MATERIAL FOR THIS TASK.
=== Begin Enclosure ===

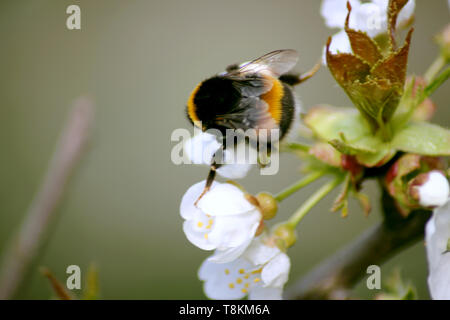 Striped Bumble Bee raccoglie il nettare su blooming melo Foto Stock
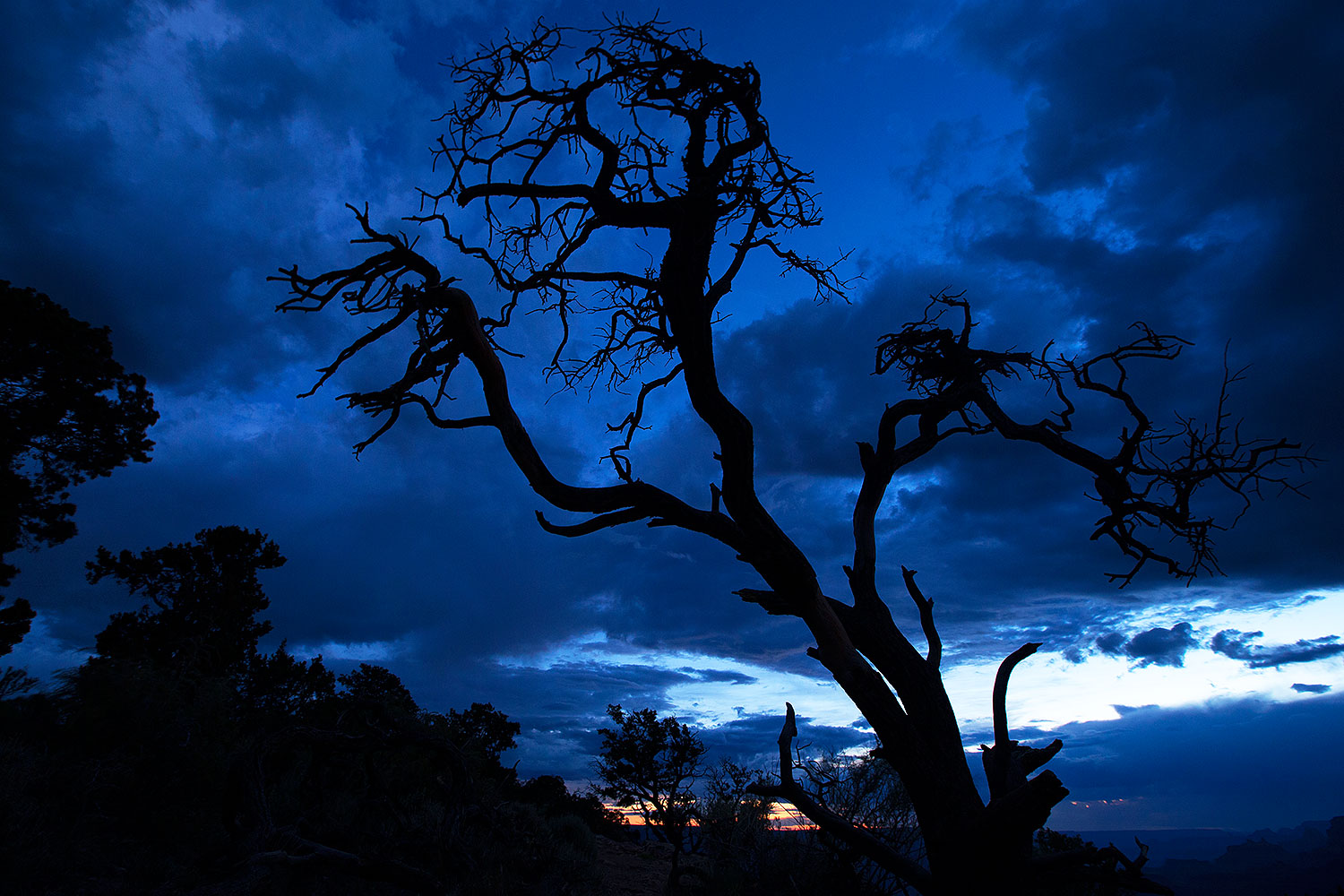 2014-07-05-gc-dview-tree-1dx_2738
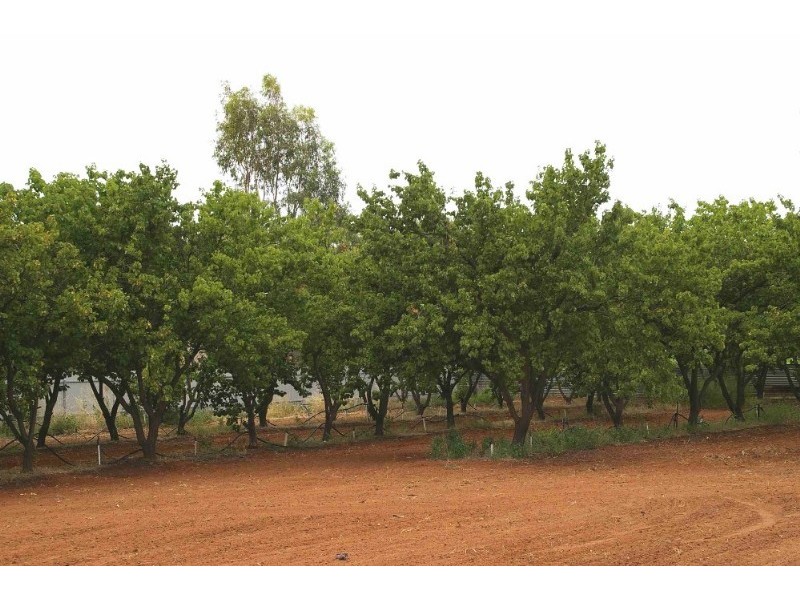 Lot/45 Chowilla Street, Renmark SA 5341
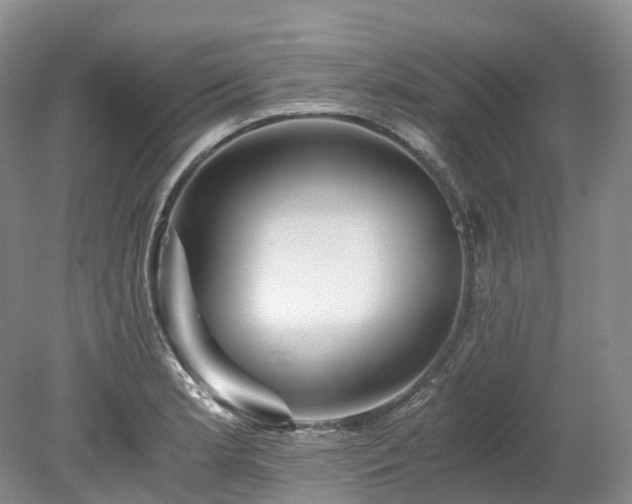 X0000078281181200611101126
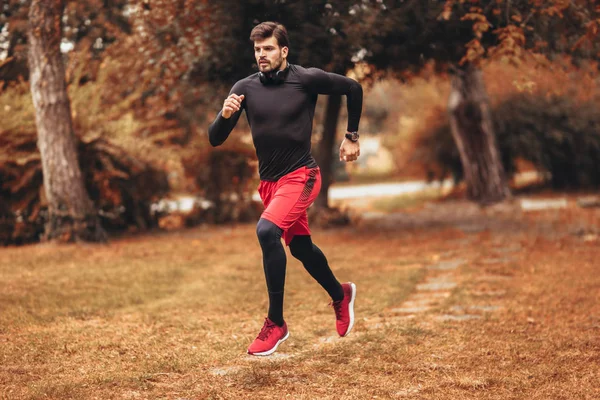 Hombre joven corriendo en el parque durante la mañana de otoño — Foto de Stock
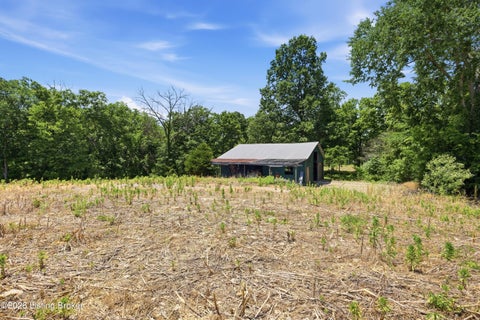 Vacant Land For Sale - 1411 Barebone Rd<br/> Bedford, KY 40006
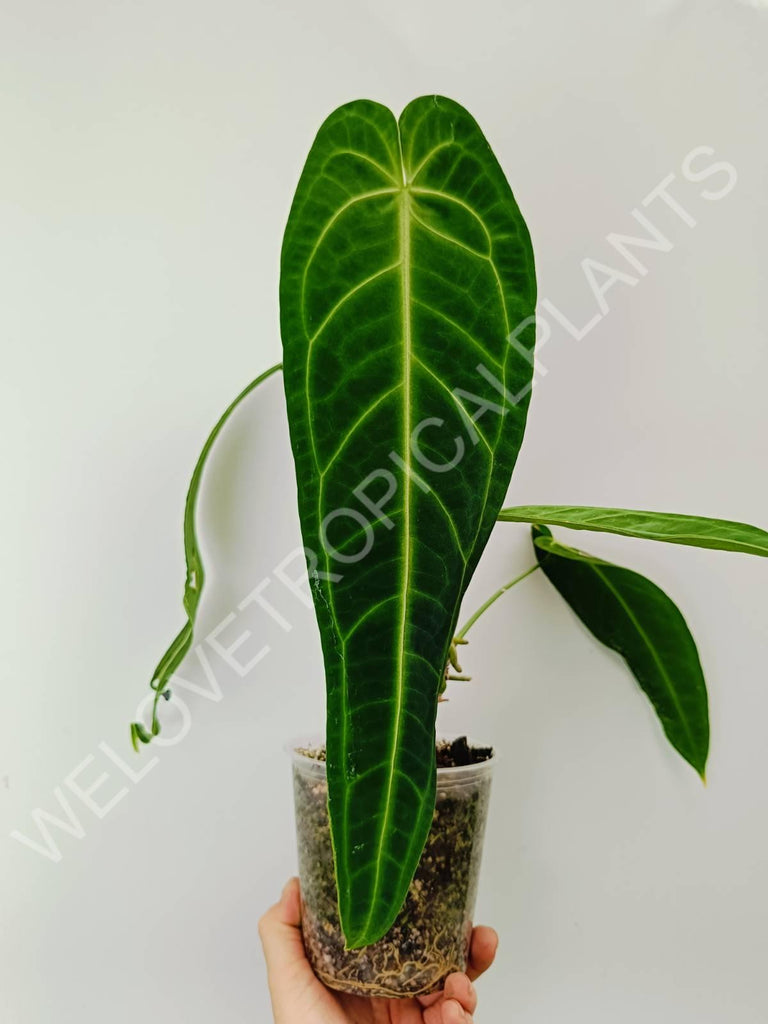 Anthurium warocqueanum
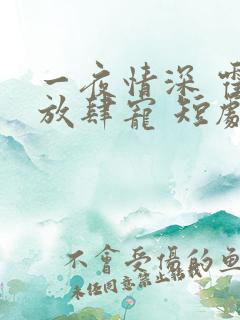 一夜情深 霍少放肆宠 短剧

=== End Enclosure ===
=== Begin Enclosure ===

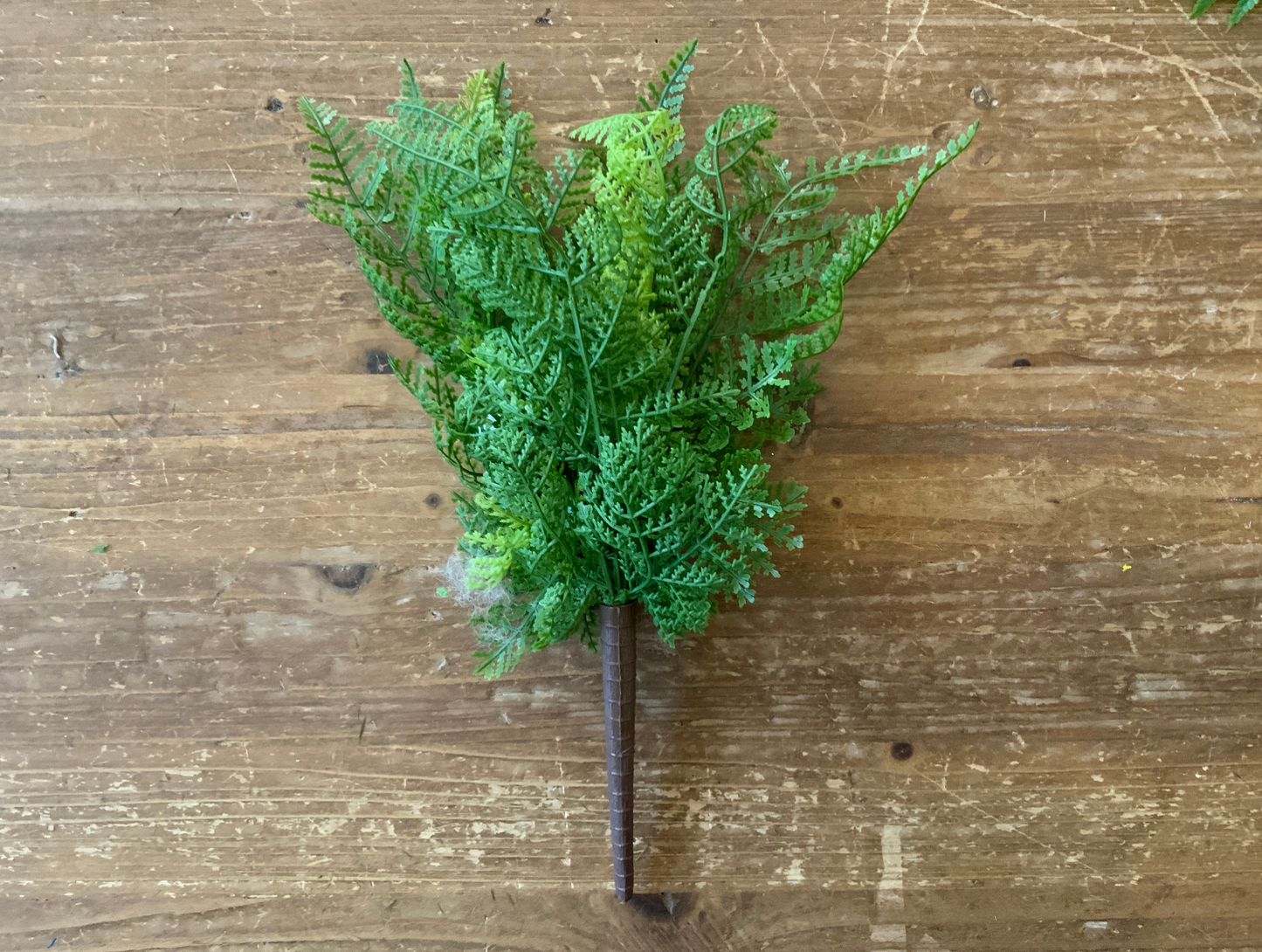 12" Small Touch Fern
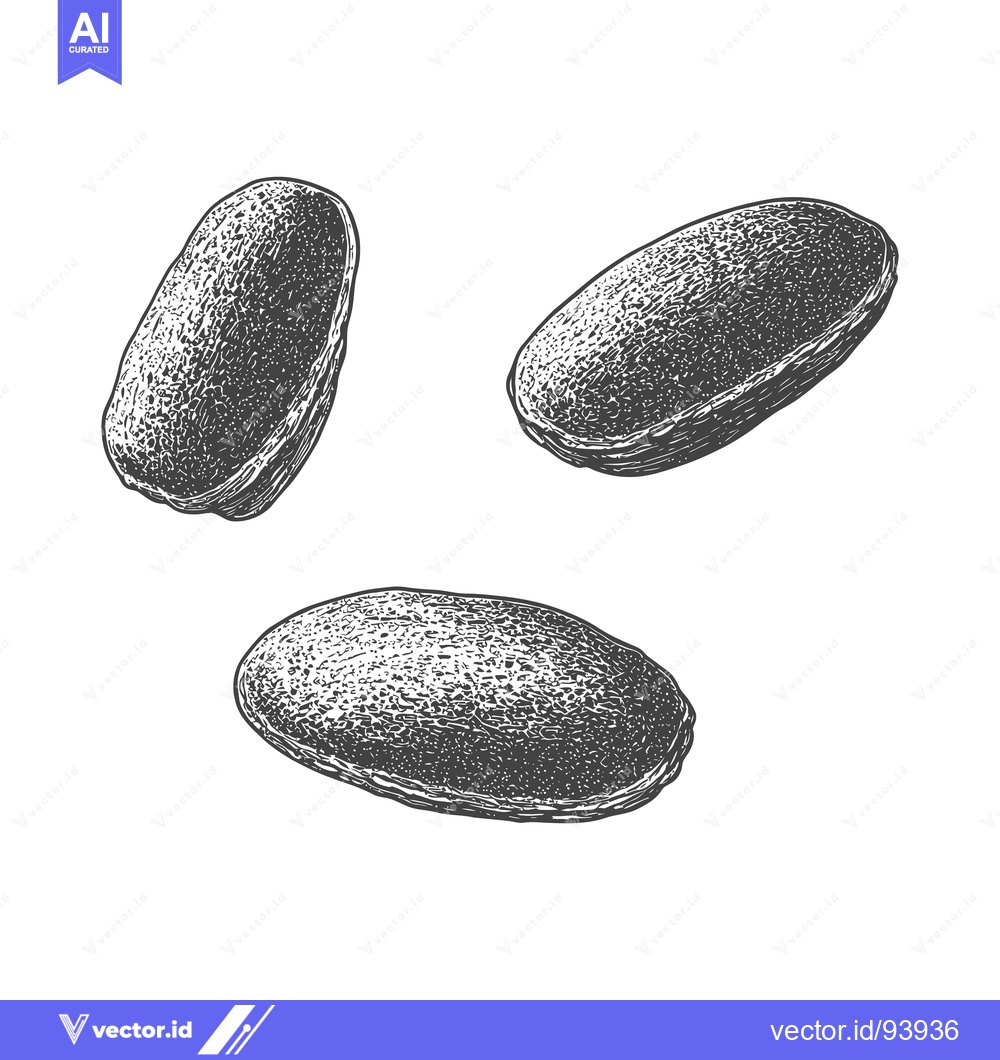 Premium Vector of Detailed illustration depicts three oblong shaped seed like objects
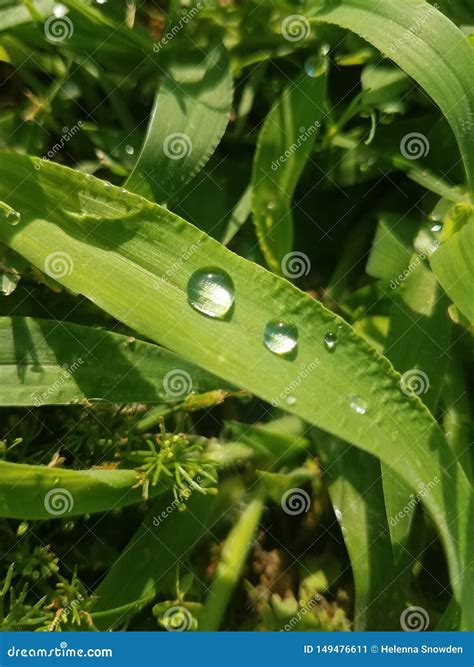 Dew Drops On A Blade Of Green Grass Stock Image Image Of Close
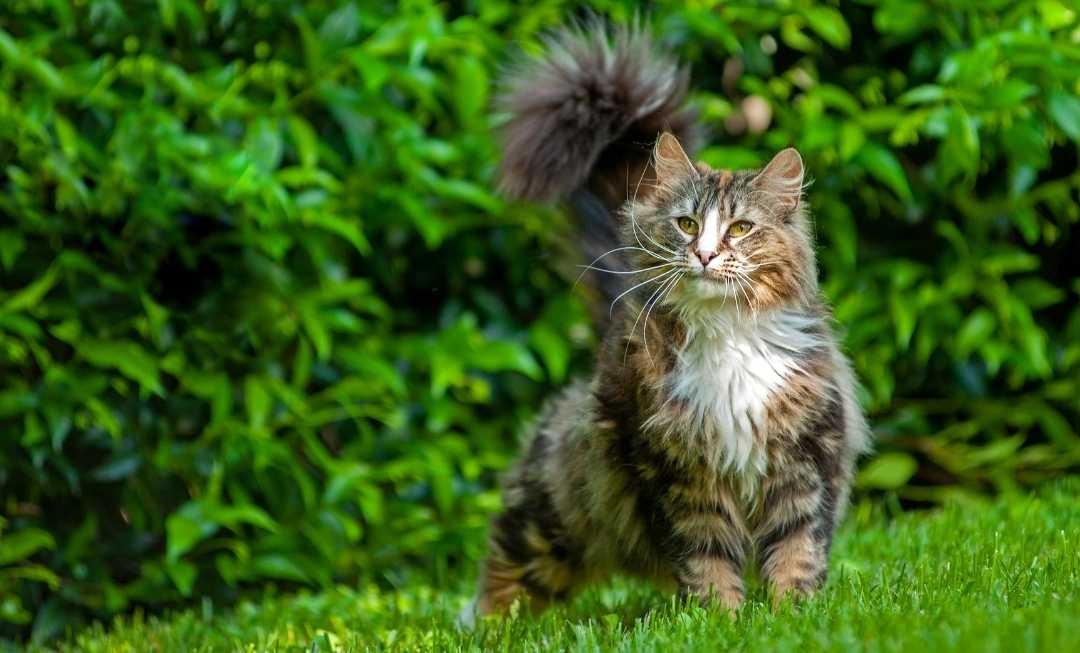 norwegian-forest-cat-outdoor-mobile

=== End Enclosure ===
=== Begin Enclosure ===

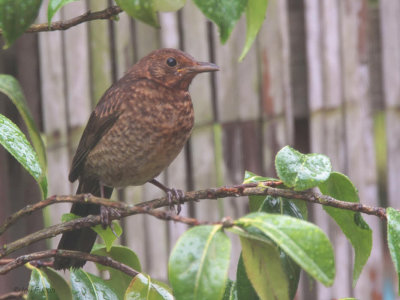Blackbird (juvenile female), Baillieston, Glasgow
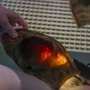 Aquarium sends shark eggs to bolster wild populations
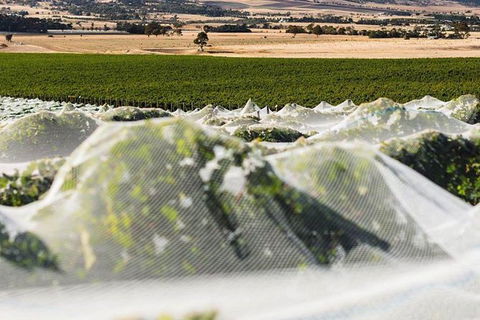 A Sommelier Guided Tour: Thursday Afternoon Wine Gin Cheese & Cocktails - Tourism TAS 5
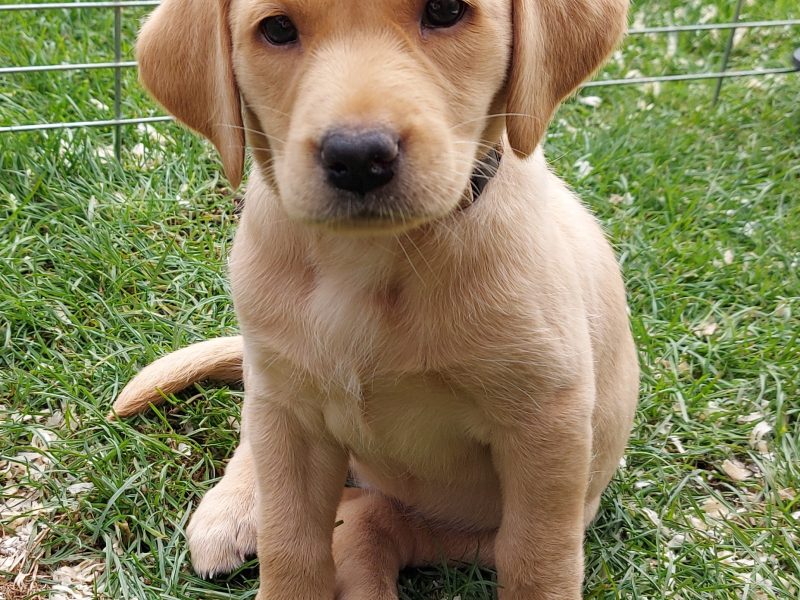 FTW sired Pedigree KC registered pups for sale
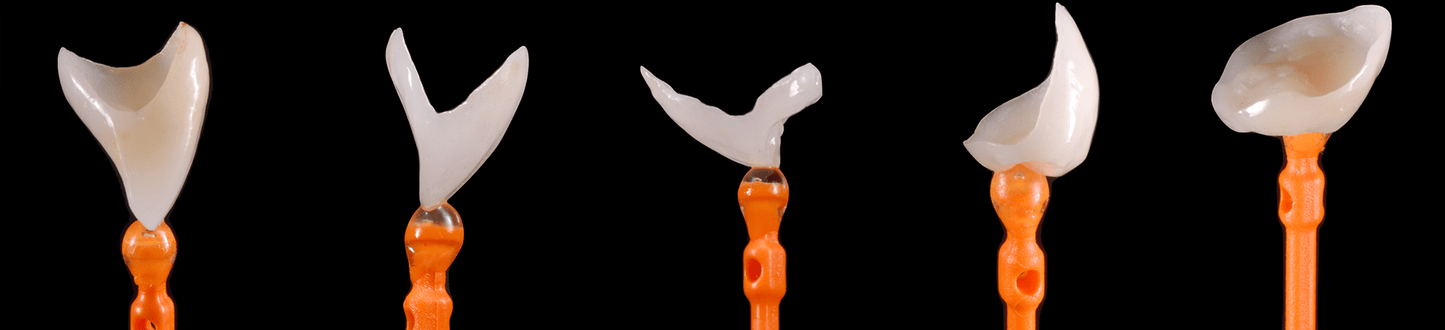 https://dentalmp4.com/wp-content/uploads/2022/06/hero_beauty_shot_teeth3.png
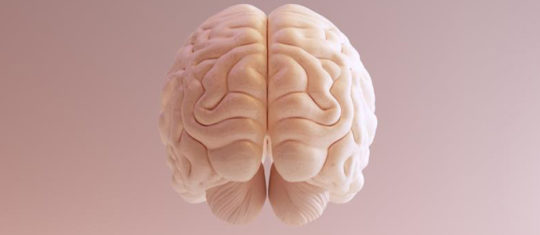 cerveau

=== End Enclosure ===

Go back to the listing above and write out the lines starting at the one with "Hombre joven corriendo" and ending at the one with "一夜情深 霍少放肆宠 短剧", inclusive, exactly and without pictures.

 Hombre joven corriendo en el parque durante la mañana de otoño — Foto de Stock
 Vacant Land For Sale - 1411 Barebone Rd<br/> Bedford, KY 40006
 Anthurium warocqueanum
 一夜情深 霍少放肆宠 短剧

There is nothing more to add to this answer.